Atormentado y presa de una salud mental perturbada, Gesualdo abrazaría la música como único alivio, en cuya expresión, con frecuencia, abre el camino para “verla” como pintada de ansiedad, a veces violenta y, en apariencia, con una intención permanente de sublimar los textos, o la lírica, como si por ella pudiera ser redimido (Tenebrae; Tristis est anima mea usque ad mortem…).
Referirse musicalmente a Antonio Vivaldi resulta, en ocasiones, redundante. Sus conciertos de violín, calificados como más bellos y cálidos que los de Bach, son archiconocidos por músicos y aficionados. Las cuatro estaciones, L´Estro Armonico, La Stravaganza, el concierto Nº 8, en la menor; el 9, en re mayor, el 11, en re menor, son una breve muestra de la prodigiosa obra del compositor y violinista nacido en Venecia en 1678 y muerto en Viena en 1741.
Tras obtener las órdenes sacerdotales y recibir la tonsura clerical, fue conocido con el sobrenombre de “il prete rosso” (el Cura Rojo) por el tono rubicundo de su cabello. Como violinista, Vivaldi se entregó esforzadamente, e incluso con bizarría, a la tarea de aventajar a sus colegas venecianos, todos ellos imbuidos de alto espíritu competitivo. Por ello, sus obras exigían depurada técnica de los solistas de la época.   
Alcanzó tal grado de virtuosismo que su amante, una señora de alcurnia veneciana, famosa por sus escotes pronunciados, estimó que ante las sublimes melodías de El trino del Diablo, el Cura Rojo debía desafiar a su contemporáneo Tartini a un duelo de violín. Comprometido el duelo por ambos, fijaron fecha y hora, sin embargo, asegura la leyenda que el desafío jamás llegó a mayores.

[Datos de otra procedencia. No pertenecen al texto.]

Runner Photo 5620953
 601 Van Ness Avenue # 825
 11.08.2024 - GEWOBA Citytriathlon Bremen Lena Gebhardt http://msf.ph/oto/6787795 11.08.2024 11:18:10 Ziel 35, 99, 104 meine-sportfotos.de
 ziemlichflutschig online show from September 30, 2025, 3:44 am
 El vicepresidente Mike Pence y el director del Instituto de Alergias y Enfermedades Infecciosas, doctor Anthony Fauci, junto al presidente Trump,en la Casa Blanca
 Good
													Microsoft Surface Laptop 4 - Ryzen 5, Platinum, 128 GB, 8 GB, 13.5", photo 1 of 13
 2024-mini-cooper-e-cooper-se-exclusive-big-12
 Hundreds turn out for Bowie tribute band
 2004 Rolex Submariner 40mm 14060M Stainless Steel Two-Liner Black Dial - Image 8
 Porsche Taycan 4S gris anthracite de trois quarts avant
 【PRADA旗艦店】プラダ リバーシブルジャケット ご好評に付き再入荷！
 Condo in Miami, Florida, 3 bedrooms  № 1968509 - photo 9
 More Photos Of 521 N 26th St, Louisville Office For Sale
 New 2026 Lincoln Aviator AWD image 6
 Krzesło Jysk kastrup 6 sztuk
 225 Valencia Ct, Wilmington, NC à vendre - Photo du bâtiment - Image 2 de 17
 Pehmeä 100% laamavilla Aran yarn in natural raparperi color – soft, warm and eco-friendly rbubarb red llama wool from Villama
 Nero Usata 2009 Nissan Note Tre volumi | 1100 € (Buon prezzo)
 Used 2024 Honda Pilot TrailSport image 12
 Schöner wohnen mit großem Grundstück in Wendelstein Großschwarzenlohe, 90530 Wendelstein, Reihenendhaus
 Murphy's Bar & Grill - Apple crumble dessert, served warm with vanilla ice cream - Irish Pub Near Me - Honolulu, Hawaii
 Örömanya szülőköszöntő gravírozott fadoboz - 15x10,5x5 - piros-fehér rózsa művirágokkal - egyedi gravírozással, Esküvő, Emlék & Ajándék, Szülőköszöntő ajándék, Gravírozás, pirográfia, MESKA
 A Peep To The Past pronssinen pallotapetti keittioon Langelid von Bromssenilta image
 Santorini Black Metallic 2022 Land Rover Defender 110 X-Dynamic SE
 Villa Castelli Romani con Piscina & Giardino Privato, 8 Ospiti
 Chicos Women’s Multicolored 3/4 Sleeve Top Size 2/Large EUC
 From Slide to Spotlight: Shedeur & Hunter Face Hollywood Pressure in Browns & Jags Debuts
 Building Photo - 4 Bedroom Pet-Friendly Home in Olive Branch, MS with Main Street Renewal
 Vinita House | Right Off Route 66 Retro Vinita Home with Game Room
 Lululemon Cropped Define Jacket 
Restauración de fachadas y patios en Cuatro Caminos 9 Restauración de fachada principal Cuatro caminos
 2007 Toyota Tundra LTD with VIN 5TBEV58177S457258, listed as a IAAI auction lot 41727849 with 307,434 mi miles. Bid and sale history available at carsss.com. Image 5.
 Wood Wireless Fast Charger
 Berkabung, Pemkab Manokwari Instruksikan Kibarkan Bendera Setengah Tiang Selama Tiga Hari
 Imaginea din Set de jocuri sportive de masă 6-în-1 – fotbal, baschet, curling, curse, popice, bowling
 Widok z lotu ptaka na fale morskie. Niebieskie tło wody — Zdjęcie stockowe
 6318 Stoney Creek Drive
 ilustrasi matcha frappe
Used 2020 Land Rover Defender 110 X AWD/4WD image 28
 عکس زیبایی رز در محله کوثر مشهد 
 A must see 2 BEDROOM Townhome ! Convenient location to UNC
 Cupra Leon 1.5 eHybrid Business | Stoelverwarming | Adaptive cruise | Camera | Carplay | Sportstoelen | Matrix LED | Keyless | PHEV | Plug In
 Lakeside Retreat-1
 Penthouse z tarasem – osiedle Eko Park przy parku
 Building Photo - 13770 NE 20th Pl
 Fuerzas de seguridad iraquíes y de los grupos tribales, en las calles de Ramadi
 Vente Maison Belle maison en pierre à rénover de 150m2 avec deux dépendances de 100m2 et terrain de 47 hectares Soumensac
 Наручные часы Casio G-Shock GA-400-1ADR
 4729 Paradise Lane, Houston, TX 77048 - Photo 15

Más tarde, Vivaldi fue contratado por el director del “Ospedale della Pietá” (inclusa de niñas) para hacer cada vez más perfectos la orquesta y coro del hospicio y darle a la música una mayor pureza de sonido. Pasó el tiempo. Fábula o no, se dice que una noche, inquieto por algo que subrepticiamente había llegado a su mente y ocupado su corazón -un cri de coeur-, el Cura Rojo escribió aquello que le quitaba el sueño. Al día siguiente, la mujer de la limpieza encontró el papel en la mesa de noche del maestro:

“En este momento vuelan las notas y compases y pienso en Anna, mi alumna y fiel intérprete; ya no en Giró, mi cantante soprano. Cuando veo a Anna me transporto a un silencio muy callado. De ella no sale mi música, sale la de ella. Sus latidos de corazón joven en noche de otoño llegan a mi breve habitación y los disfrazo de golpes de hacha en los árboles de complicidad. Leo unos tras otros los salmos que más me acercan a Dios, pero todo termina en melodía de lo que está en Anna: otoño, invierno, primavera, verano. Muere la tonsura en mi campo de batalla donde deseos sin vida no deben luchar mucho para vivir”.